--- Task data ---
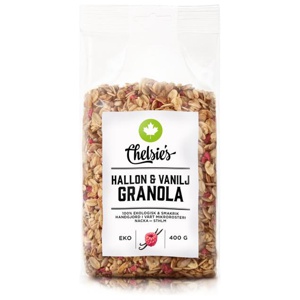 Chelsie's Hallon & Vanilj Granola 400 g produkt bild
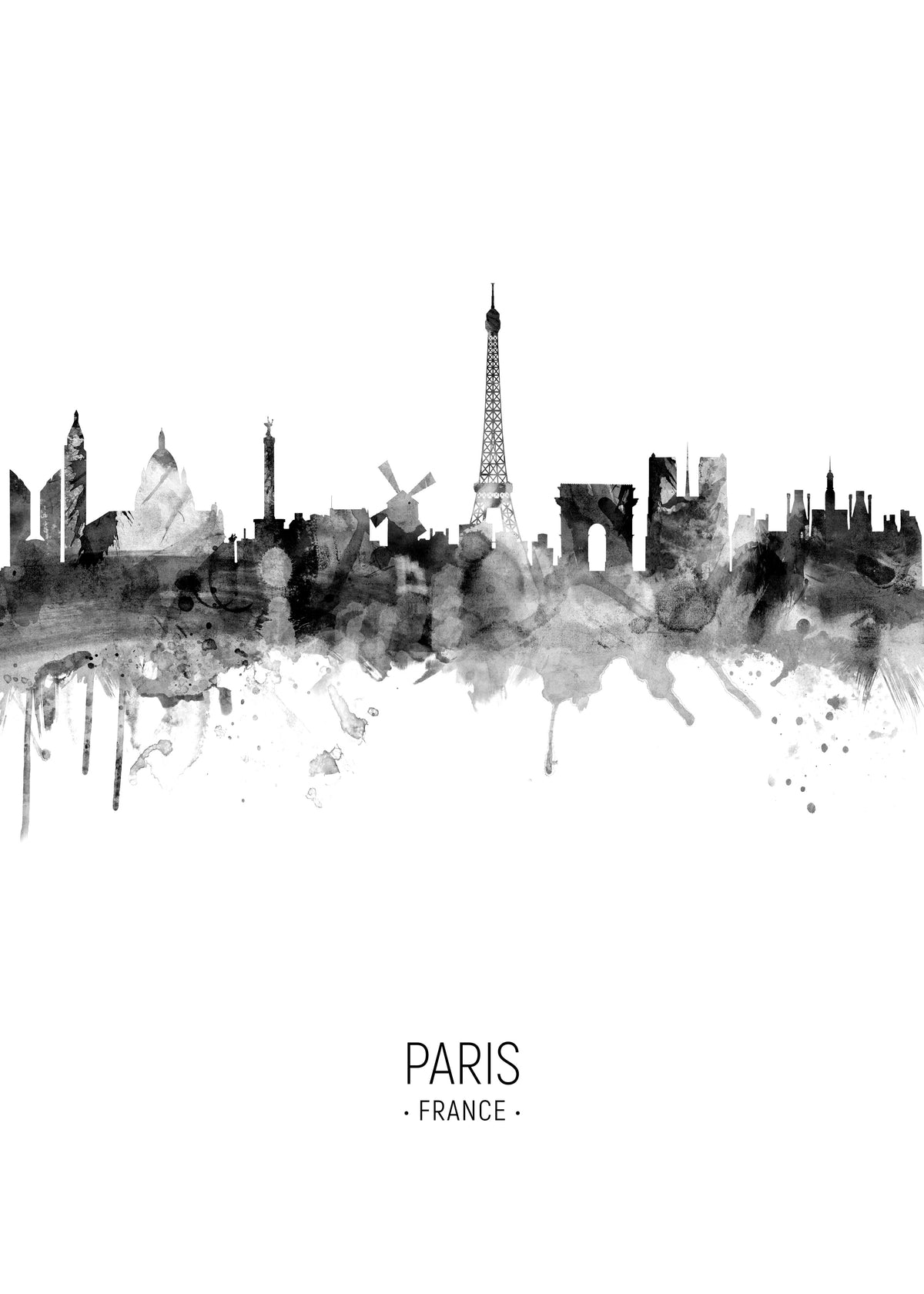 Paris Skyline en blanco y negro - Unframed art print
---
--- Task data ---
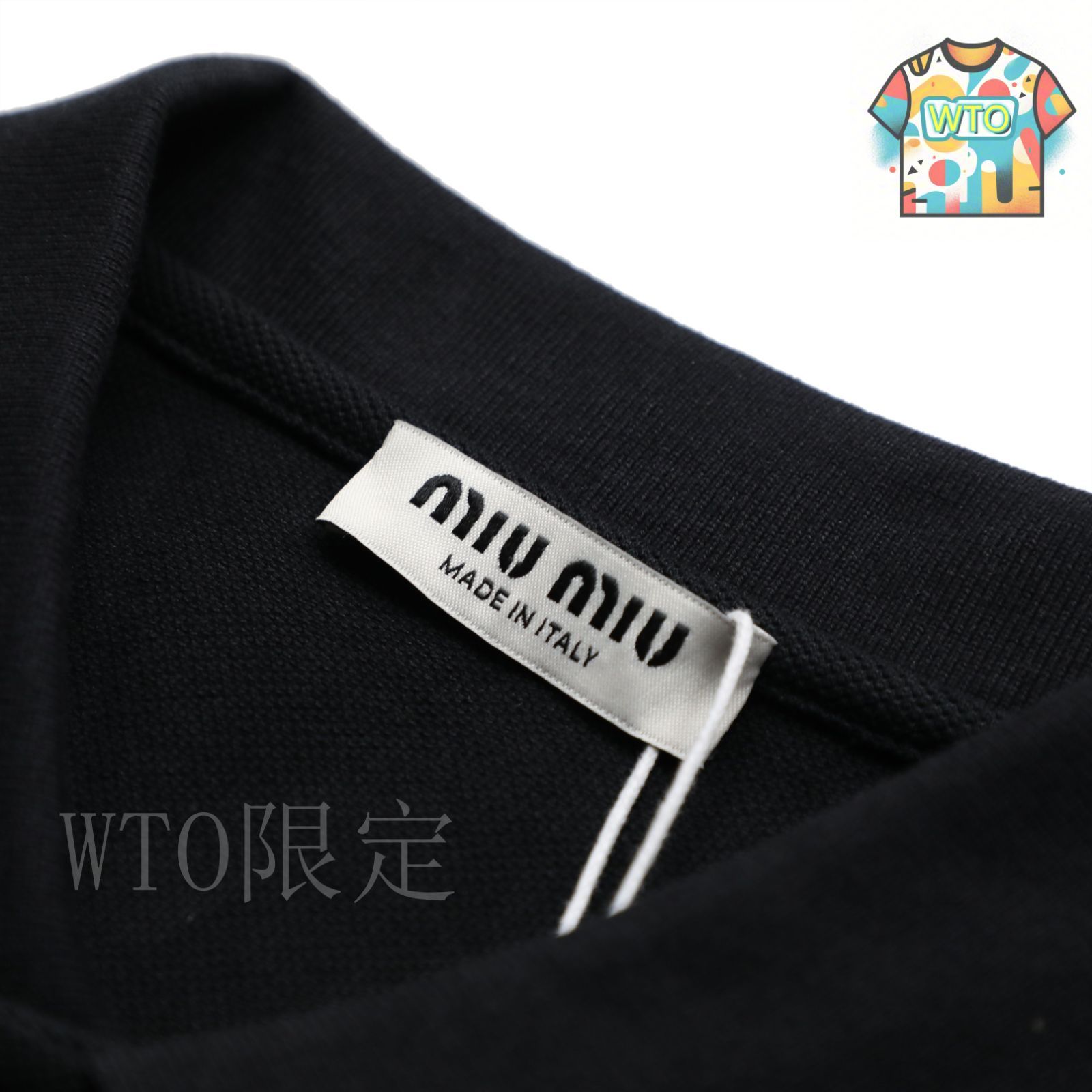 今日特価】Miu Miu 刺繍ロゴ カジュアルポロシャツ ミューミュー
---
(Activity) Pictures in the material above should be skipped; print exactly the lines from the one with "Chelsie's Hallon &" through the one with "Paris Skyline en".

(Output for this exercise)
 Chelsie's Hallon & Vanilj Granola 400 g produkt bild
 Paris Skyline en blanco y negro - Unframed art print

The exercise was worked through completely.